Water and Succession in Mind

Site Constraints and Client Desires

The project is new residential construction in St. Paul.  The lot was vacant prior to construction.  Water runoff and management was and is a concern since the existing lot had slopes up to 40 percent in the front and up to 10 percent in the back.  The location also has mature oak and walnut surrounding the property, so tree survival after the building construction and the landscape installation was important. 

The clients desired a low maintenance and accessible design.  They desired a recessed patio off the sunroom in the back of the house for growing kitchen herbs and vegetables.  They had specific plant requests for the yard as well as minimal turf area. 

Water Management Design

The water management design focused on contouring the slopes to capture water from the hard surfaces of home as well as surface water flow through the landscape.  The surface water flows through a series of key-line swales specifically designed to slow water movement and retain water on site.  The swales are installed to change the slope from 10 or 40 percent to 1 percent.  The swale system allows for longer water absorption time and ground water storage, thus increasing ground water recharge as well as increased water availability for plants.  The key-line swales lead to water infiltration areas (rain gardens) in the back and front yard.  The swale and water infiltration zones are designed to accommodate a minimum 4-inch rain event in the front yard and greater than 4-inch event in the back yard before any water exits the property.
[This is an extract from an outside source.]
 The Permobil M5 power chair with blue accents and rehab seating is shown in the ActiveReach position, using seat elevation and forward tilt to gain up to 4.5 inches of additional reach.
Ecologically Based Planting Design

The plantings are ecologically designed to mimic nature and its different biomes.  The swale and water infiltration areas create different moisture zones throughout the landscape.  Plant species were selected for tolerance of lower moisture zones (dry) and other plant species were selected for tolerance of higher moisture zones (mesic and sometimes wet).  Plants were either directly planted or broadcast seeded with a winter wheat cover crop.   The back yard is primarily seeded and planted with prairie and savanna species, whereas the front and sides yards are seeded and planted with understory and woodland species.  The thermal-mass of structures and landscape features are also used to support marginal plant species such as Japanese maple and flowering magnolia.  Species succession is expected.  The herbaceous perennial plants (grasses and flowers) will migrate as tree shade changes.  The trees and shrubs were selected for ability to thrive as the landscape matures.  The plant species were also selected based on fruit, flower, and seed production for homeowner use as well as wildlife attraction.
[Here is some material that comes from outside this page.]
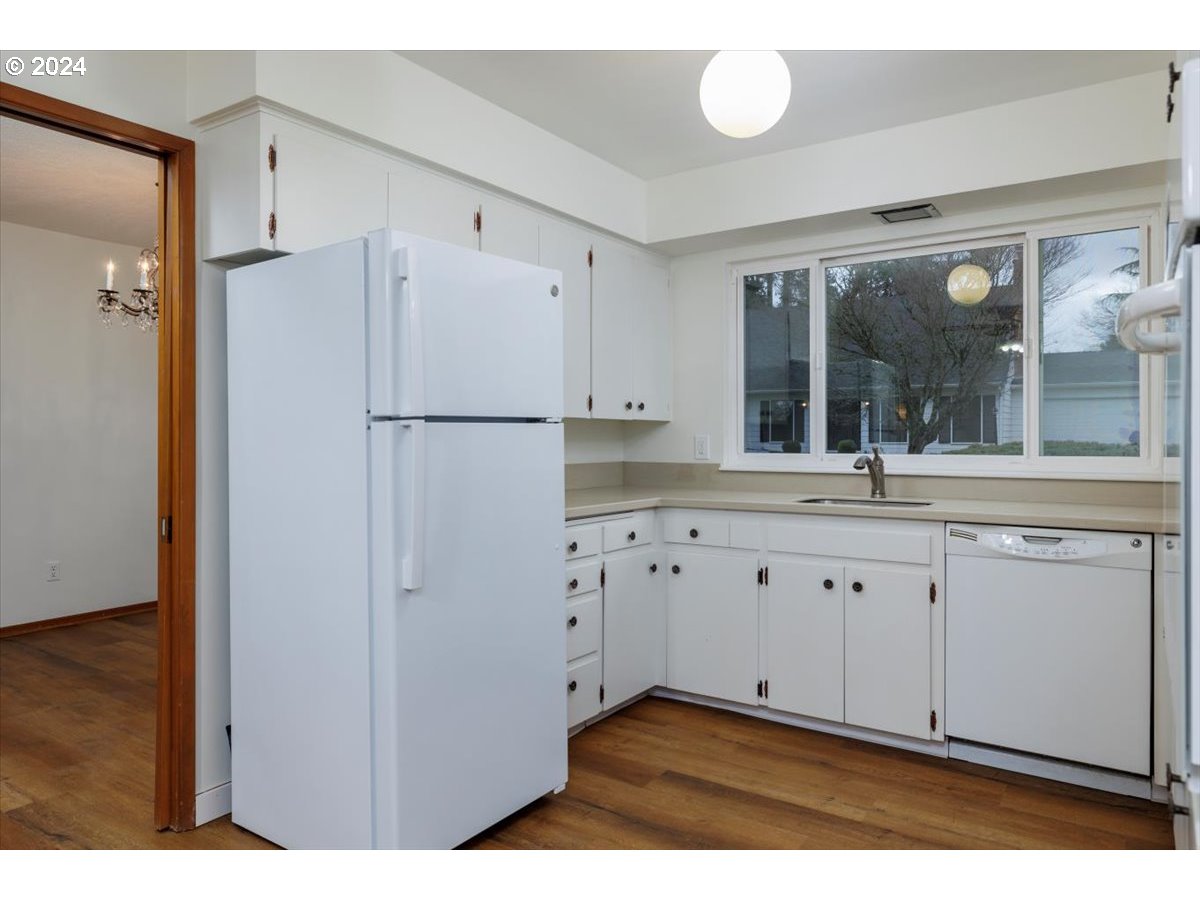 13400 Northwest Northrup Street Portland, OR 97229 - Photo 15 of 39 a kitchen with granite countertop white cabinets and refrigerator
The existing perimeter oak and walnut trees were root pruned once per season two years prior to site excavation.  Root pruning was completed in the excavation zones to reduce stress on the trees once construction began. 

Other Design Considerations

A recessed patio was installed in the back yard off of the sunroom.  The terraces will be planted with tender and perennial herbs, spices, and vegetables.  The terraces also allow for additional seating and staging locations.  The recessed patio has a disguised drain system that connects to the rain garden. 

An engineered retaining wall and step system was designed and installed in the front yard.  Care was taken to maximize tread depth and width to accommodate entry railings aimed at accessibility.

The plantings are designed to be ‘self sufficient’.   Once established the only area that may require additional water will be the turf zone in the back yard and the kitchen garden in the recessed patio.  The landscape is designed to accommodate all plant waste from the plants, so there should be no biomass removal from the landscape.